After Joe Allen’s team lost a charity softball game two years ago, he sat in a pub and grimaced while his buddy Tom Smith and the winners played “We Are the Champions” on the jukebox. Forty-one times in a row.
But this May, Allen’s team won the annual game. He played that same Queen song over the jukebox every chance he got.
And he’s now had the last — or at least the latest — laugh.
In what has to be the ultimate escalation of one of the pettiest smack-talk battles to ever grace Delaware County, there now exists a billboard in the parking lot of J.T. Brewski’s Pub shaming Smith, the bar’s co-owner. It’s next to an ad for home care for the elderly, and it reads: “Happy Holidays. Let us not forget that Tommy lost the softball game."
Smith, 51, has stared at that billboard for the last week and will continue to for another three weeks while the campaign runs its course. “I deserve every bit of it,” he conceded.
The billboard references the J.T. Brewski’s Pub Annual Softball Game, which has been played in Primos every spring for the last eight years, since Smith and a co-owner bought the bar. Every year, the teams raise money to help a local family in need. There’s not much practice or prep for the game, aside from a not-insignificant amount of beer at the official pregame the night before.

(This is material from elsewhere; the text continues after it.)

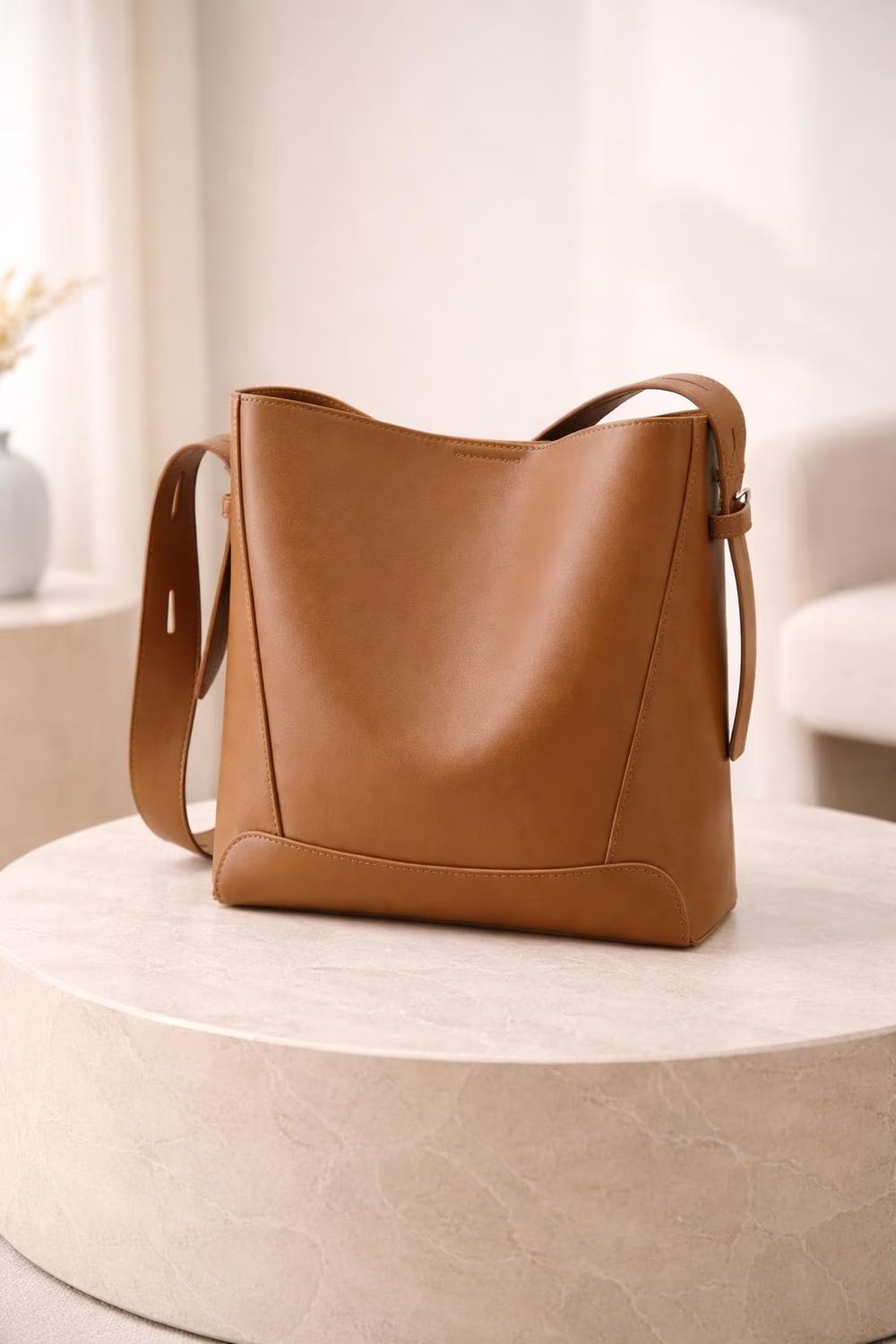 Cowhide Women’s Shoulder Bag – Fashion Trend detail photo 4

“It was always fun,” said Allen, 42. “But Tommy likes to talk trash. When we lose, it’s unstoppable.”
And for the last eight years, Allen’s team has found itself on the losing side more often than not. He was the butt of jokes that Smith would write on the electrical sign outside the bar. Stuff like: “Joe, Matt and Chris lost again.”

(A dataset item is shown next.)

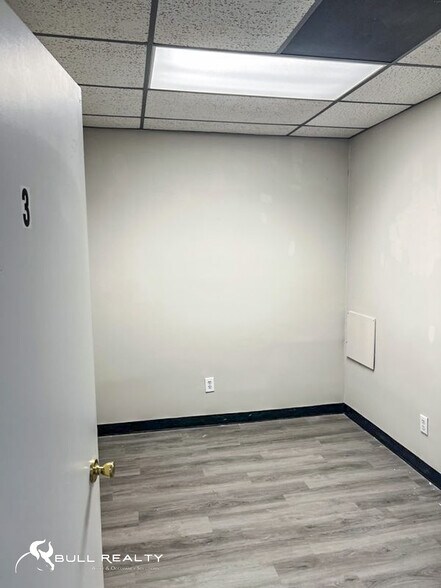 More Photos Of 6667 Vernon Woods Dr, Atlanta Medical For Lease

But 2019 was Allen’s year.
Though Smith can’t remember the details of how his mighty team fell, Allen does. He wasn’t playing this year — he had grounded out to end the game, causing his team to lose, two years in a row — so he recalls watching from the bench.

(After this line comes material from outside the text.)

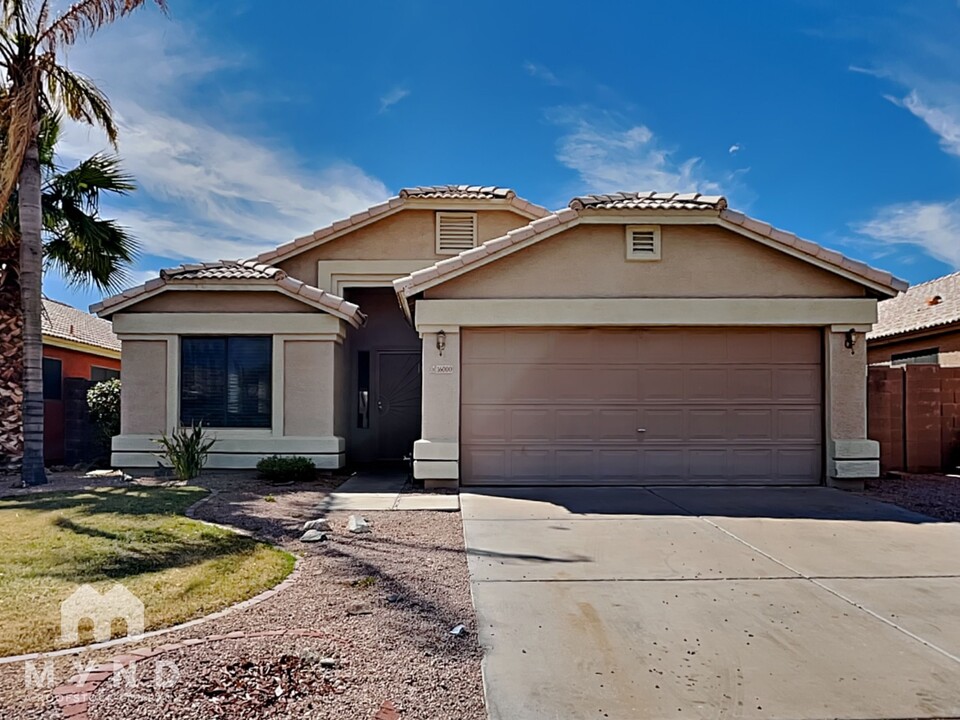 16000 N 86th Ln in Peoria, AZ - Building Photo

Allen’s team was up by one in the ninth, and there were two outs. A run would tie the score, and a lefty who played high school baseball was batting for Smith’s squad.
The batter got a solid piece of a pitch, and it soared to right field, where a woman who coaches softball was playing. She ran backward, faced home plate, contorted her body, stretched out her left arm, and snagged the ball. Game over.
“It was mayhem,” Allen recalled. “I couldn’t believe it. I was almost on my knees.”
Then the trash talk began anew.
For months, Allen used an app to remotely play “We Are the Champions” in J.T. Brewski’s as often as possible. Smith got so sick of it, he started rejecting the song every time Allen turned it on.
Allen and two family members who also played on the winning team knew they couldn’t control the electrical sign outside the bar that Smith had used to shame them in years past. So his brother had an idea: What about that billboard in the parking lot?
It would cost $925. Five guys on the winning team split it evenly. And it was worth every penny.
Last week, Smith was sitting inside the pub filling out paperwork when a customer told him to look up. Workers from Clear Channel swapped out the old billboard for this new, certainly more savage, one.
“That’s pretty darn good," Smith said.
And so, the stakes have been raised. Both teams have plans to up the ante next year. Smith wants to recruit some retired Phillies to play on his team. Allen wants to hire an umpire who isn’t slugging as much Bud Light during the game.
What is certain is that this battle has only begun.
“I’m going to come up with something stupid and really embarrassing somehow,” Smith said.
Allen retorted: “If you want to go big, you better go big.”